_Task item_: Repeat, please, exactly the lines from the one that has "-八合里牛肉火锅(领丰汇店)" through the end of the records below, with pictures dropped.

_Task input_:

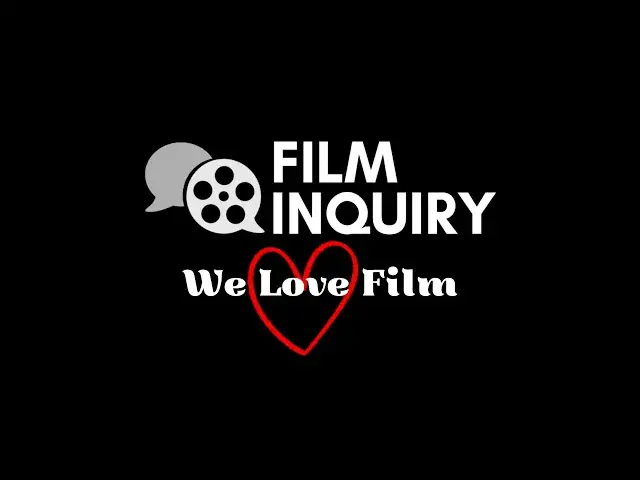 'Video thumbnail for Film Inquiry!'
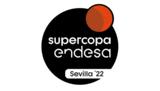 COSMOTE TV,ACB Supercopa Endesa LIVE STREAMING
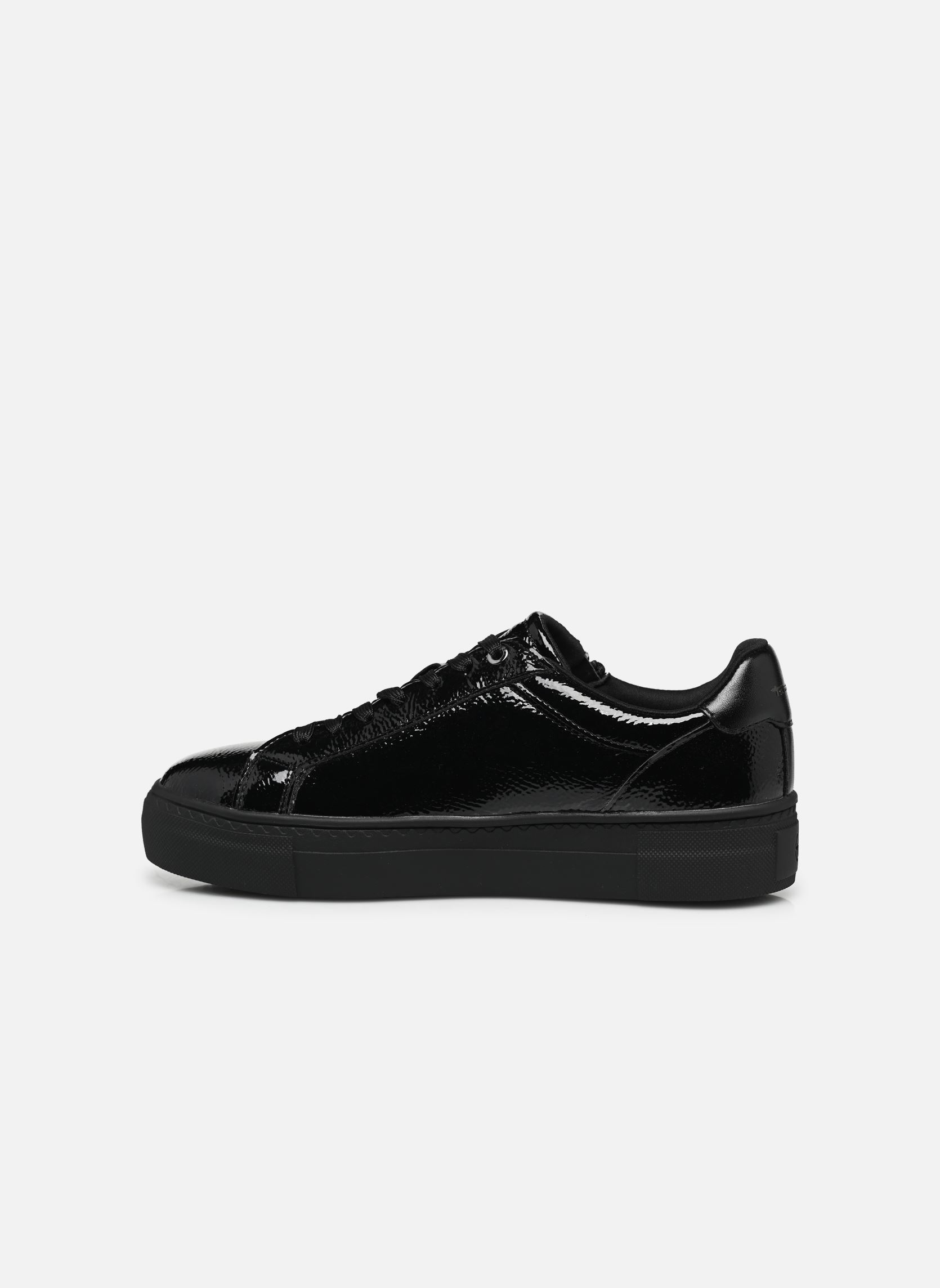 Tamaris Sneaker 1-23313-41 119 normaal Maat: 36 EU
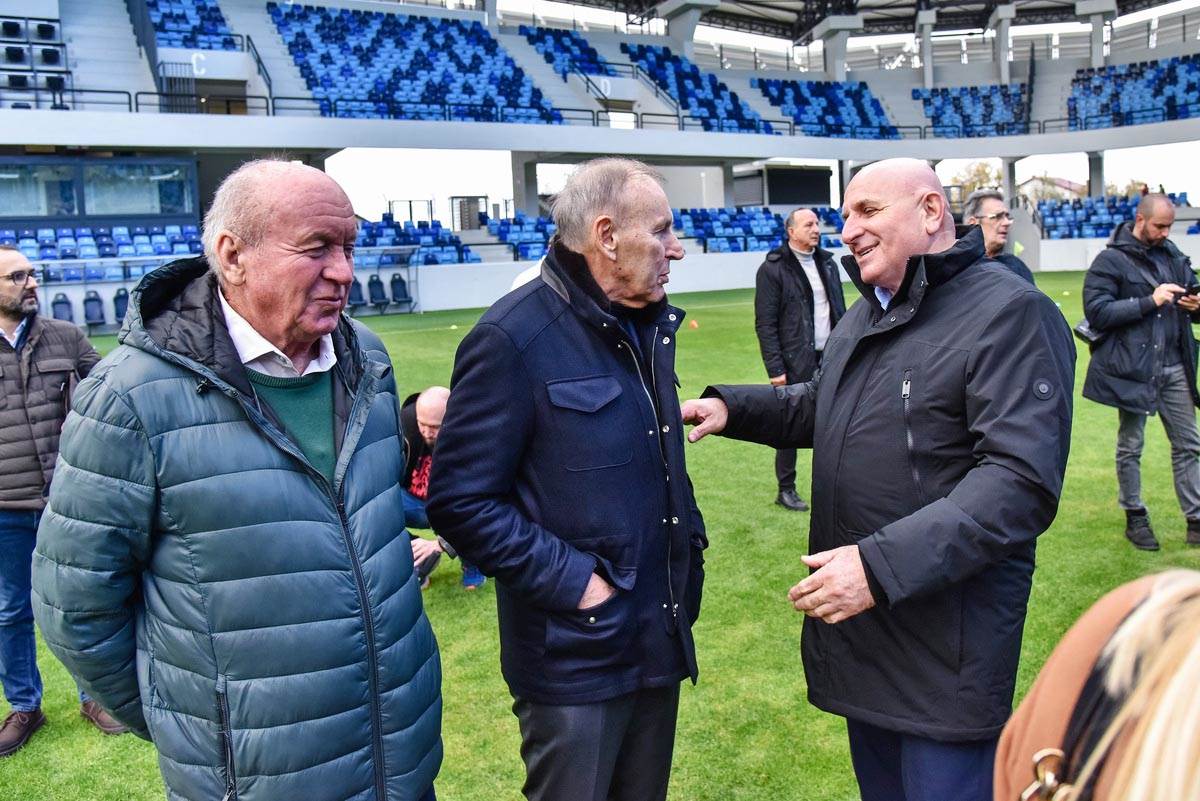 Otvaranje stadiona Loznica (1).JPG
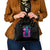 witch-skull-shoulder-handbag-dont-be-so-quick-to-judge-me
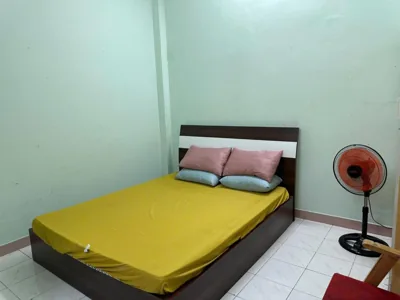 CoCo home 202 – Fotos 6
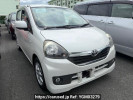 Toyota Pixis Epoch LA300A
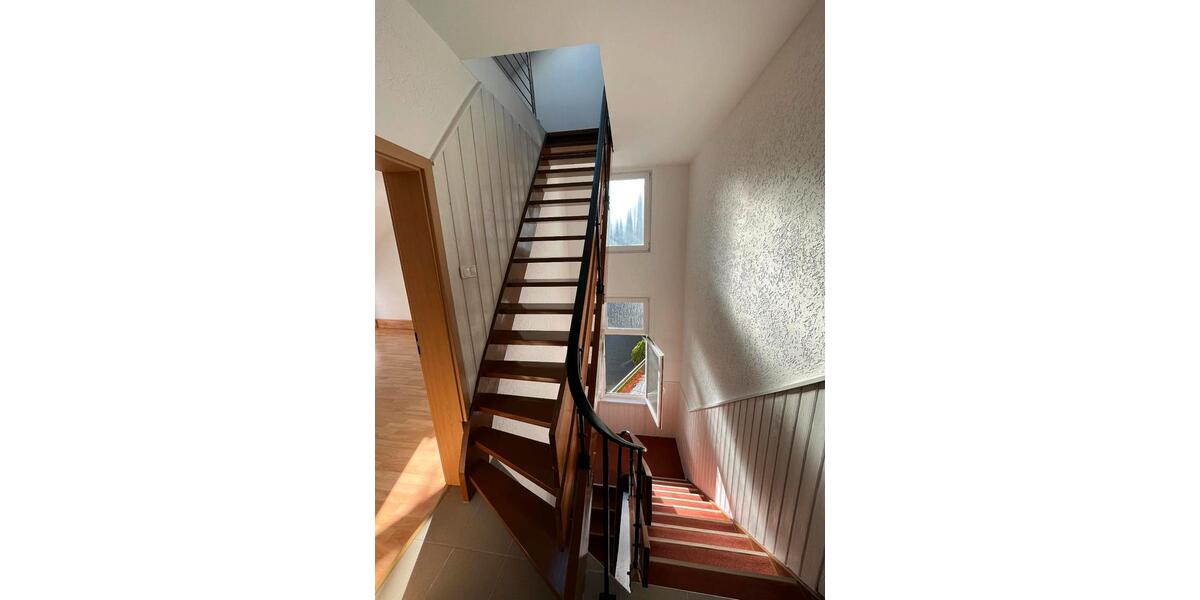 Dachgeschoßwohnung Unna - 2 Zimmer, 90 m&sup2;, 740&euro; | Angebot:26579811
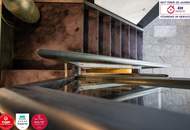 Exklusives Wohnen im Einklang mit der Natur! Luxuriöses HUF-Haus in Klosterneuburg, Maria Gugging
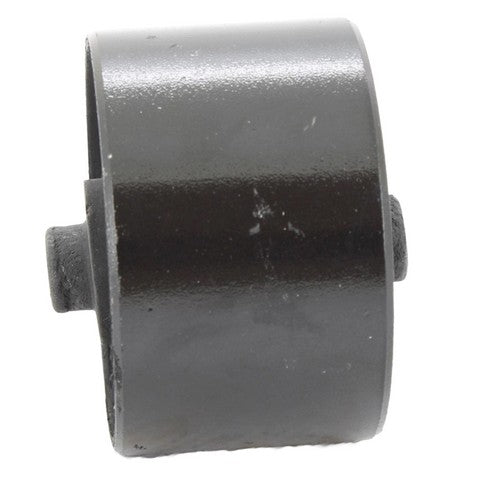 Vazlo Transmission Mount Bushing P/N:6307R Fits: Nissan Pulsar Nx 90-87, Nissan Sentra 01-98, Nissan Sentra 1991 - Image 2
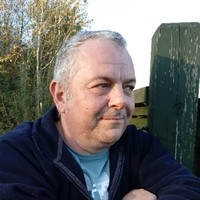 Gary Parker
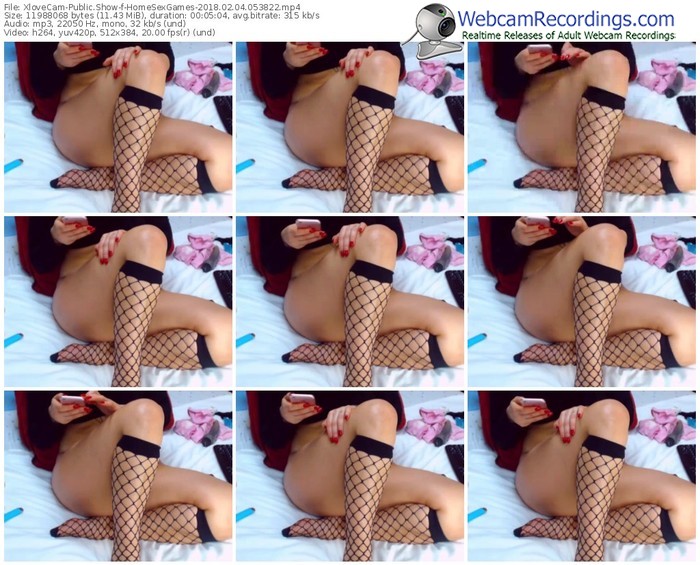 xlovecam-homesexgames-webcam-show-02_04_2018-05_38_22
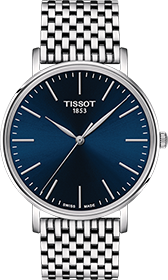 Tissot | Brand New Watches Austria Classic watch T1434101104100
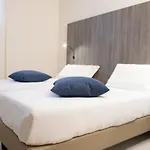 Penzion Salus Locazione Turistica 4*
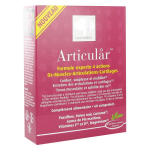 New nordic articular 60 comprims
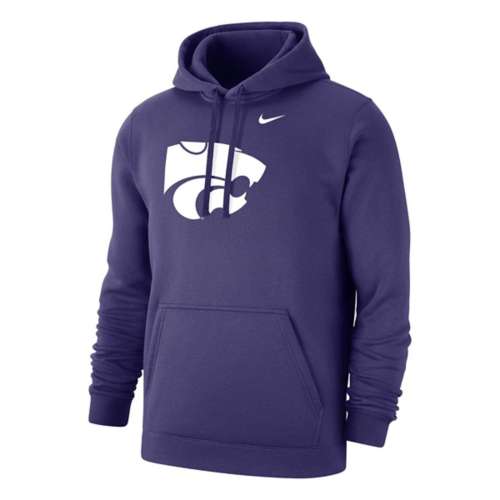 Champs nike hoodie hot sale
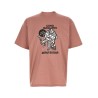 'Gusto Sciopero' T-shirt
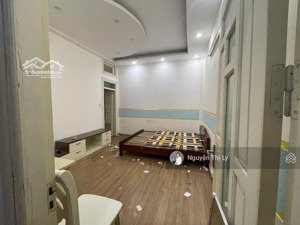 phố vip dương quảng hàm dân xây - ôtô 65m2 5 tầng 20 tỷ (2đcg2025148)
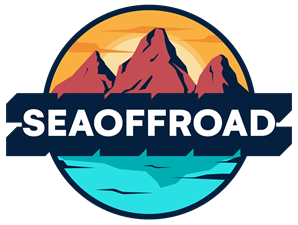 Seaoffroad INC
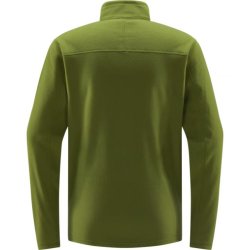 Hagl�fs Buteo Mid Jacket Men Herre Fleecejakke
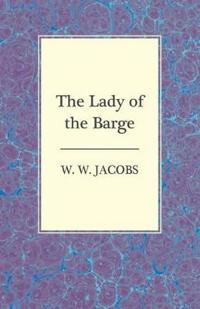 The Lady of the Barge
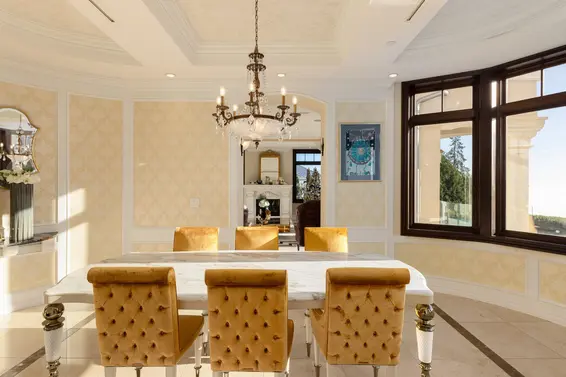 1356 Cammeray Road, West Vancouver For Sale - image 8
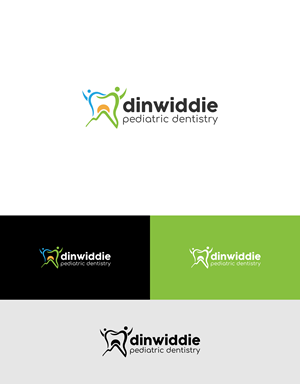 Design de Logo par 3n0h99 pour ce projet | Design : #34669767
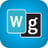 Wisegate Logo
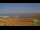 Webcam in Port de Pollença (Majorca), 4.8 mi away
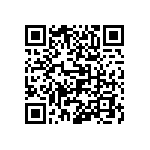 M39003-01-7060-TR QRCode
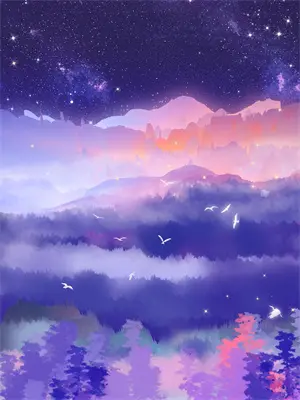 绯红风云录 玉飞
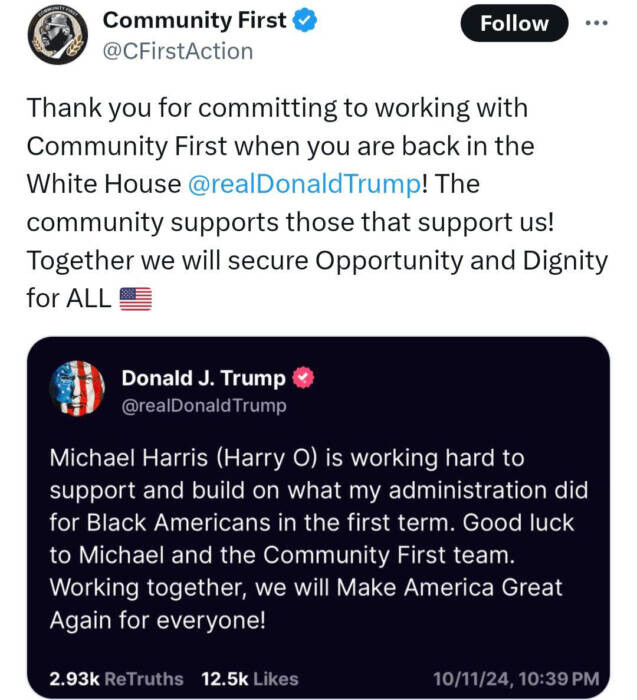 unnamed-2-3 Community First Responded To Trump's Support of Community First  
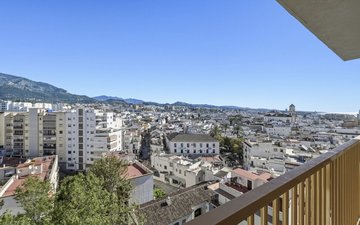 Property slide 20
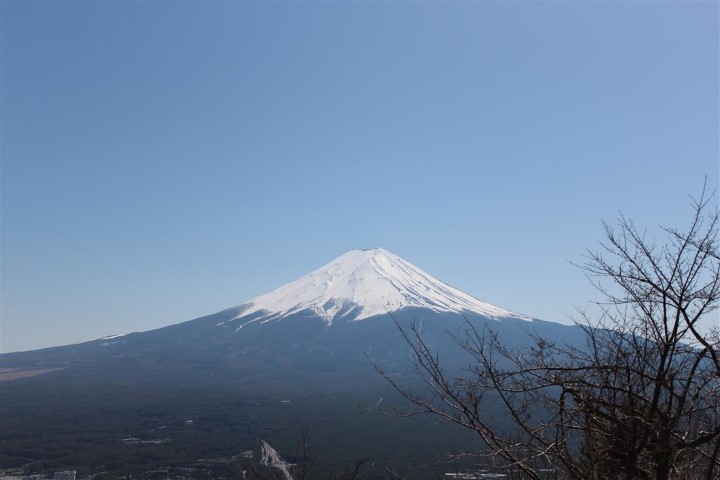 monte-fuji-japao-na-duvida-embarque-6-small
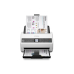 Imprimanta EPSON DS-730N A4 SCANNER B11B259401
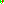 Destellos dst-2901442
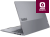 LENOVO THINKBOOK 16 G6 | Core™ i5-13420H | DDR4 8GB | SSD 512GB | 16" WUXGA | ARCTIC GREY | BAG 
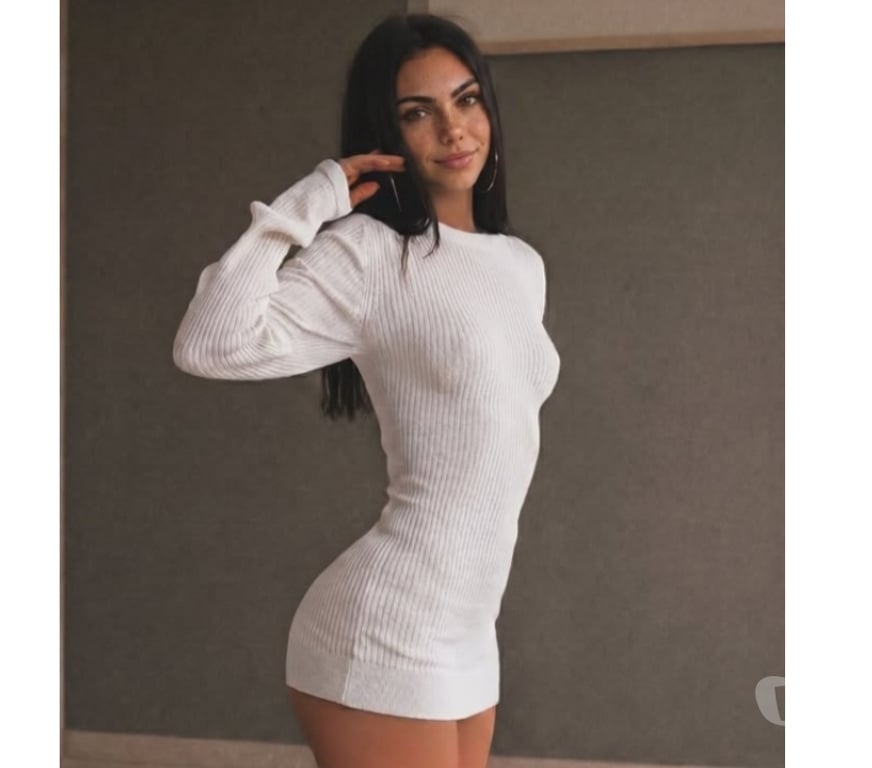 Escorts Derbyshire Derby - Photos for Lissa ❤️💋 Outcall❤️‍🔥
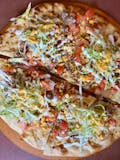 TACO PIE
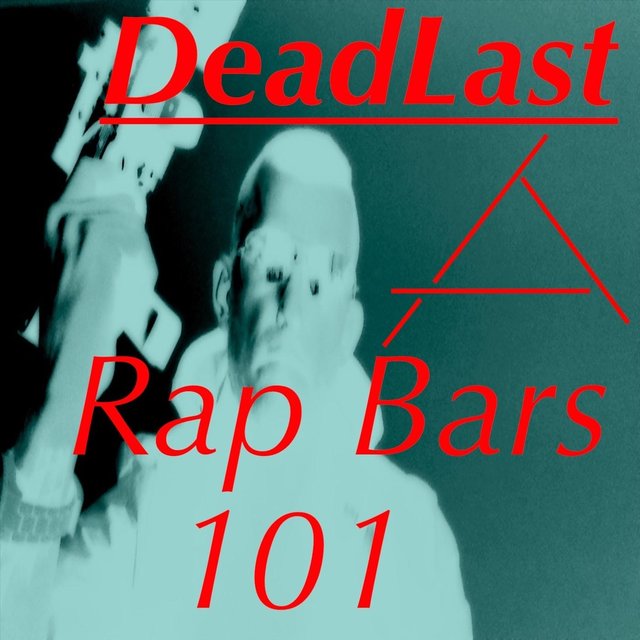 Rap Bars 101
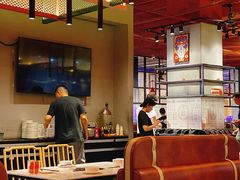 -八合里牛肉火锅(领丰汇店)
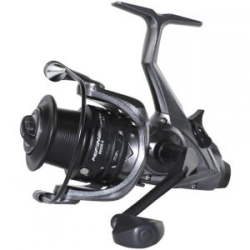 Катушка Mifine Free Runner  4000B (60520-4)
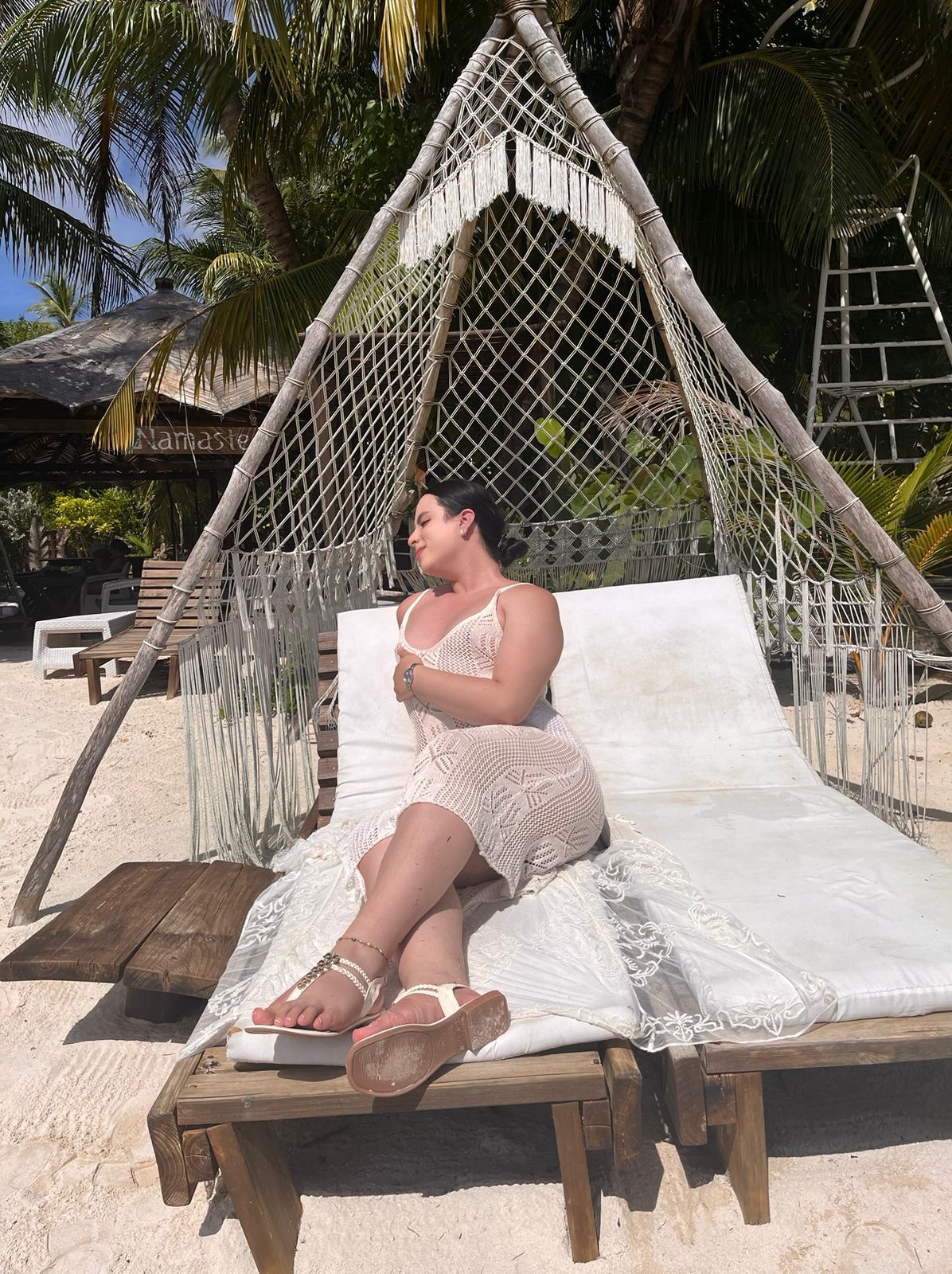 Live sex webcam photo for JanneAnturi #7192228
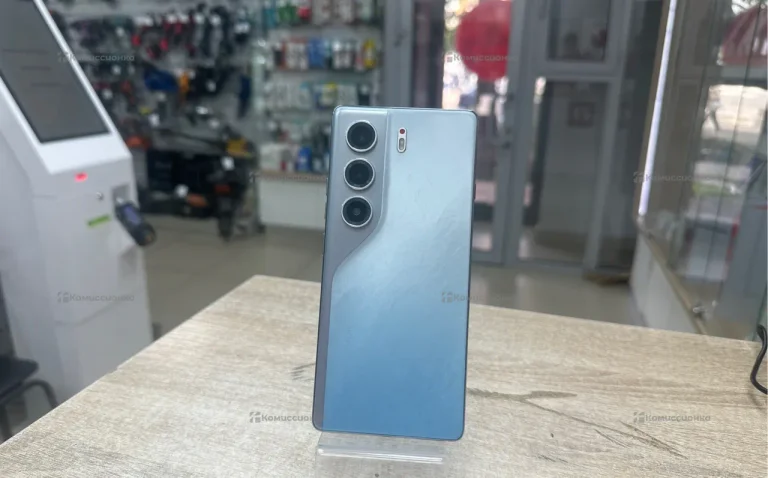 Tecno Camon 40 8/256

_Answer for the task_:
 -八合里牛肉火锅(领丰汇店)
 Катушка Mifine Free Runner  4000B (60520-4)
 Live sex webcam photo for JanneAnturi #7192228
 Tecno Camon 40 8/256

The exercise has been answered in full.